En bref

  • Le groupe russe APT28 (Forest Blizzard) mène une campagne de spear-phishing contre l'Ukraine et ses alliés OTAN avec un malware inédit baptisé PRISMEX.
  • PRISMEX combine stéganographie dans des fichiers Excel, détournement COM et abus du stockage cloud Filen.io pour le command-and-control.
  • Les secteurs visés incluent la défense ukrainienne, la logistique ferroviaire en Pologne, le transport maritime en Roumanie et les partenaires d'initiatives d'armement en Slovaquie et Tchéquie.

Ce qui s'est passé

Points clés à retenir

  • Ce qui s'est passé
  • Pourquoi c'est important
  • Ce qu'il faut retenir

Des chercheurs en cybersécurité ont mis au jour une campagne d'espionnage d'une rare sophistication, attribuée à APT28, le groupe de cyberespionnage rattaché au renseignement militaire russe (GRU), également connu sous les noms Forest Blizzard, Fancy Bear ou Pawn Storm. Active depuis au moins septembre 2025, l'opération s'appuie sur une suite d'outils offensifs jusqu'alors inconnue, baptisée PRISMEX. Cette menace, désormais référencée par les analystes sous l'appellation APT28 PRISMEX malware, cible en priorité les institutions gouvernementales et les structures militaires ukrainiennes, ainsi que plusieurs entités implantées dans les pays membres de l'OTAN, en particulier dans les secteurs de la défense, de la logistique et de l'énergie. Les équipes de réponse à incident décrivent une chaîne d'infection modulaire, pensée pour l'exfiltration discrète de documents sensibles et le maintien d'un accès durable aux réseaux compromis.

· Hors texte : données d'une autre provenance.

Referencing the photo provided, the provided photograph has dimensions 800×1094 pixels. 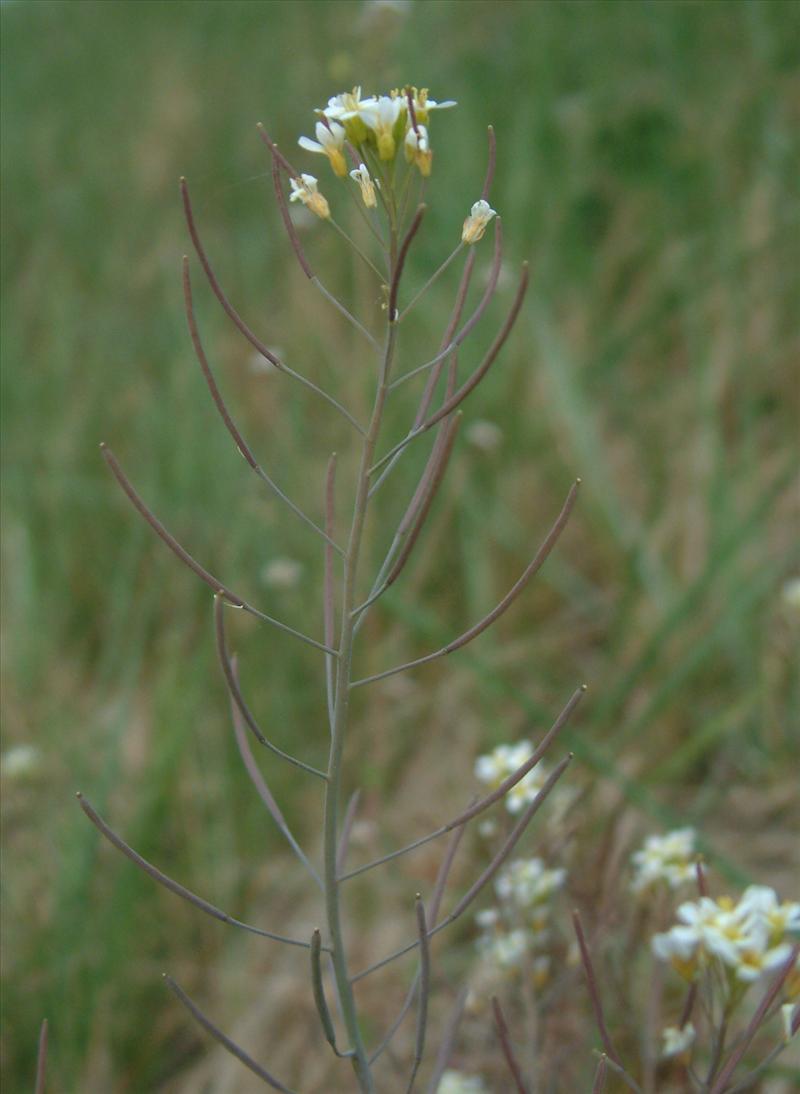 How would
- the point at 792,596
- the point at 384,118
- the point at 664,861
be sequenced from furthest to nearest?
the point at 792,596 → the point at 664,861 → the point at 384,118

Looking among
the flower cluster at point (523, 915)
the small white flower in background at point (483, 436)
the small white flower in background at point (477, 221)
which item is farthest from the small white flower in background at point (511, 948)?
the small white flower in background at point (483, 436)

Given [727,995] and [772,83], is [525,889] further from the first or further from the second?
[772,83]

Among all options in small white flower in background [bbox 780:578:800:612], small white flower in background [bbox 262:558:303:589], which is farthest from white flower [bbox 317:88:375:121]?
small white flower in background [bbox 780:578:800:612]

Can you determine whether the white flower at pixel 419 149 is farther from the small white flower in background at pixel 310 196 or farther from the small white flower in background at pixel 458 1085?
the small white flower in background at pixel 458 1085

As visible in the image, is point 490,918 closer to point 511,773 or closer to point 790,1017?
point 511,773

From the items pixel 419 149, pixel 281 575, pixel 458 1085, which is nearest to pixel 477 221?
pixel 419 149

Le vecteur d'infection initial repose sur des courriels de spear-phishing contenant des documents Excel piégés. Le composant PrismexSheet, une macro VBA malveillante intégrée au fichier, extrait des charges utiles dissimulées par stéganographie et affiche un document leurre relatif à des inventaires de drones pour tromper la vigilance des cibles. Le module PrismexDrop prépare ensuite l'environnement d'exploitation en établissant la persistance via le détournement de DLL COM et des tâches planifiées. Enfin, PrismexStager, un implant basé sur le framework COVENANT, abuse du service de stockage cloud Filen.io pour établir un canal de commande et contrôle discret, difficile à détecter par les solutions de sécurité réseau traditionnelles.

Pourquoi c'est important

Cette campagne illustre l'évolution constante des capacités offensives d'APT28, qui exploite désormais des vulnérabilités récemment divulguées avec une rapidité remarquable. Les failles CVE-2026-21509 et CVE-2026-21513 ont été weaponisées avant même leur publication officielle, avec une infrastructure préparée dès le 12 janvier 2026, soit deux semaines avant la divulgation du premier CVE. Cette capacité d'exploitation quasi-instantanée représente un défi majeur pour les équipes de défense, comme le soulignait récemment un rapport de CrowdStrike sur l'accélération des temps d'intrusion. L'utilisation de services cloud légitimes comme Filen.io pour le C2 rend la détection particulièrement ardue, le trafic se fondant dans les communications normales de l'entreprise. Cette menace s'inscrit dans un contexte plus large de cyberattaques de plus en plus rapides et sophistiquées contre les infrastructures critiques européennes.

Ce qu'il faut retenir

  • Les organisations liées à la défense et à la logistique OTAN doivent renforcer leur vigilance face au spear-phishing, notamment les pièces jointes Excel contenant des macros.
  • Surveiller les connexions sortantes vers les services de stockage cloud inhabituels (Filen.io, Mega) qui peuvent servir de canaux C2, un enjeu critique pour la stratégie cybersécurité nationale.
  • Appliquer sans délai les correctifs pour les CVE récentes et surveiller les indicateurs de compromission publiés par les CERT nationaux, comme le recommande également l'analyse du Patch Tuesday d'avril 2026.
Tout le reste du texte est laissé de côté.